I always go this route anyway , in fact I am doing at the moment have just stopped on an aire south of Poitiers.


----------



## boringfrog (Sep 22, 2006)

The A63 does have a toll on it now.


----------



## 04HBG (Dec 9, 2007)

I recently did a route for a mate who is going down in Jan you might find worth a look. I have tried to add an attachment but it wont let me so I will try pasting it.



Canterbury park & ride, special enclosed area for motor homes, water and waste emptying. Free bus into town included in the £3 a night charge. Pub on corner. This is usually our first stop it is an excellent place to spend a day or two. It is about 20 minutes drive to the ferry from here.
New Dover Road N 51.26205 E 1.10187.

The alternative is to park up in Dover, it is free after 6pm until 8am. But make sure you have water on board for the next few days as most aires in France will have the water shut off for winter, not a problem you can always get it.
--------------------------------------------------------------------------------------------------------------------------

We usually get the 10am ferry and prefer to use DFDS ferries on the Dover -Dunkirk route as you can park up for free in front of their office either going or on return, ideal for the morning ferry back. 
There is also a very nice aire at Gravelines for 3 euros a night where we stop if a day or so early on return. It is 15 minutes away from the ferry.

Gravelines , Rue de Port N 51.98737 E 2.12274
--------------------------------------------------------------------------------

If you get the 10am Ferry it is 1.30pm French time when you get off the ferry so don’t drive too far.
Jump onto the A16 motorway then A28, mostly free but a short paid section worth staying on it is about 12 euros . 

You can either stop at about 80 miles from Dunkirk or 130 miles whichever you prefer.

Baie de Somme N 50.17032 E 1.75548 It is a free parking area just off the PAID section of the motorway 80 miles aprox from Dunkirk ferry, but park up with the other caravans at the far end, not the most secure place. 

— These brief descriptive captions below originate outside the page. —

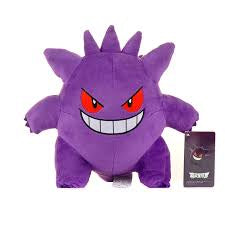 Pokemon Gengar Plush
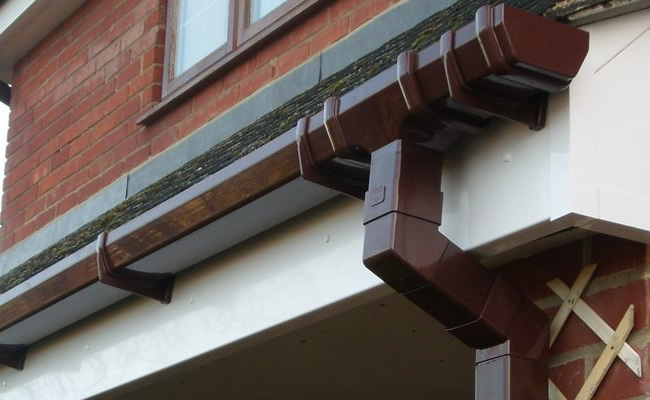 Guttering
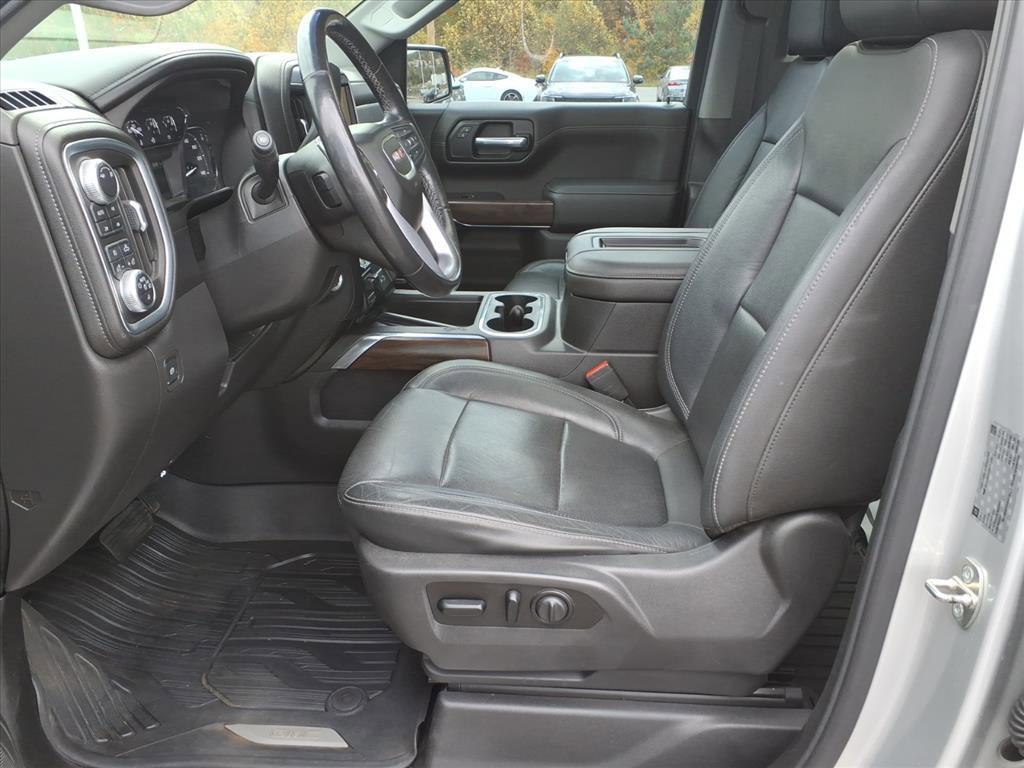 used 2019 GMC Sierra 1500 car, priced at $36,985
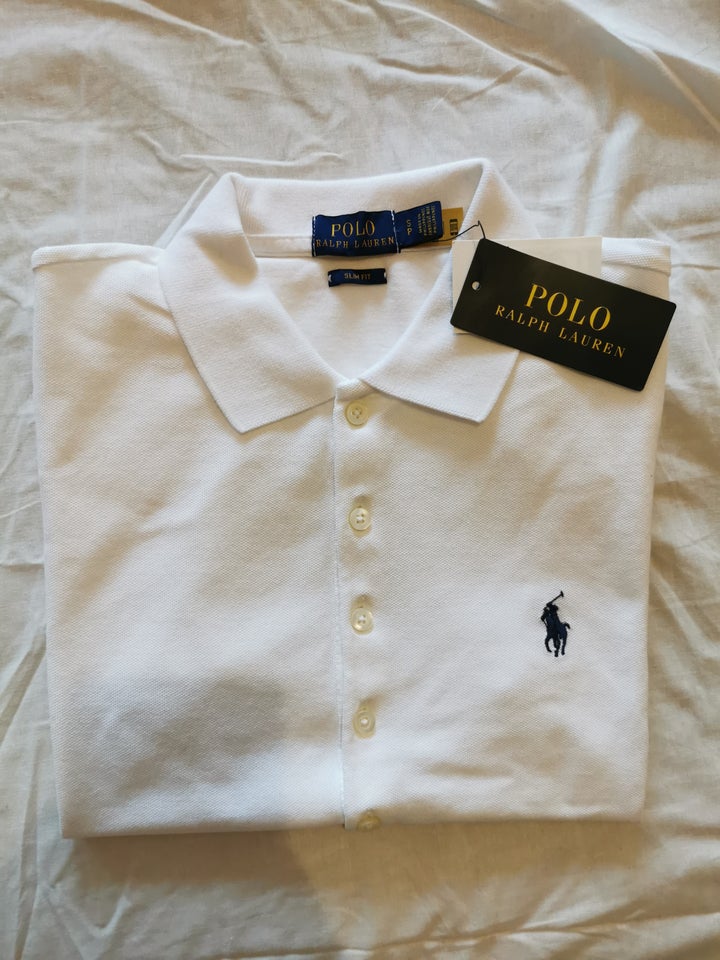 Polo t-shirt, Ralph Lauren, str. findes i flere str.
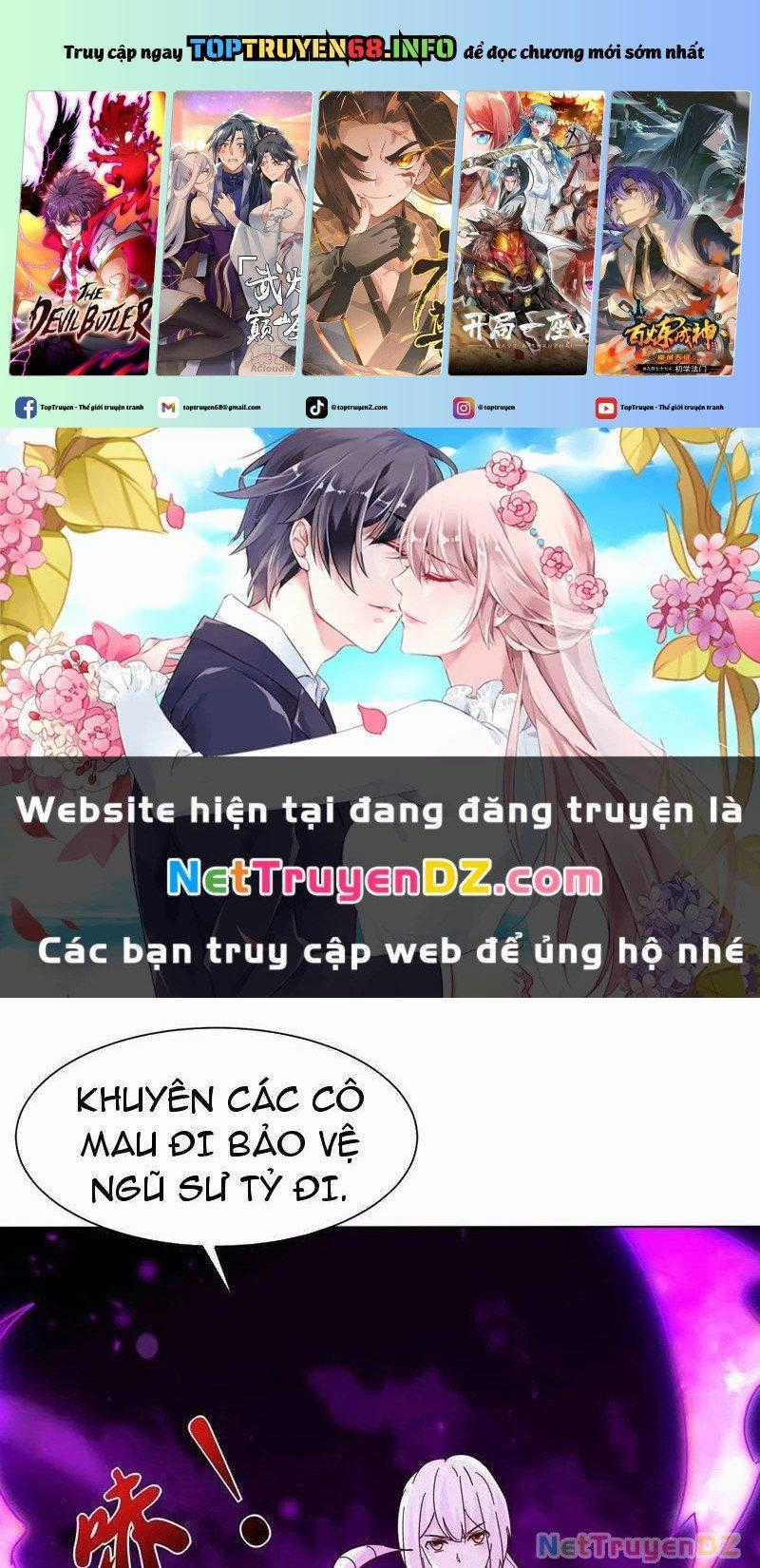 Bảy Vị Sư Tỷ Sủng Ta Tới Trời Chapter 85 trang 0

But our preferred stop is 130 miles from Dunkirk ferry at Buchy, a small village just before Rouen, it is about 3 miles off the A28 at junction 12 and in front of the school. Follow your sat nav into Buchy but ignore it when you enter the village and go straight on through the lights for about 500 yards and you will see all the school buses parked up, go behind them.
Buchy, Route des Forges N 49.58534 E1.36418

No water available in winter

-----------------------------------------------
Buchy to Sainte Maure De Touraine
The following directions will help you stay off paid motorway and use the N10 which is a good road with just a short toll section worth paying as it will save you a lot of time. 
From Buchy get back onto the A28 heading for Rouen. Put Chartes as your next destination into your sat nav and accept tolls, it is only a couple of euros going this way otherwise it will take you down the paid motorway and cost you a fortune.
After Rouen head down the N154 
Just before Chartes change your destination to Vendome. 
From Chartes join the N10.
Then just before Vendome change your sat nav again to SAINTE MAURE DE TOURAINE 
N 47.11803 E 0.61611
your destination for that day and accept tolls, it will take you onto paid motorway the A10, to avoid Tours, well worth the 3 euros or so.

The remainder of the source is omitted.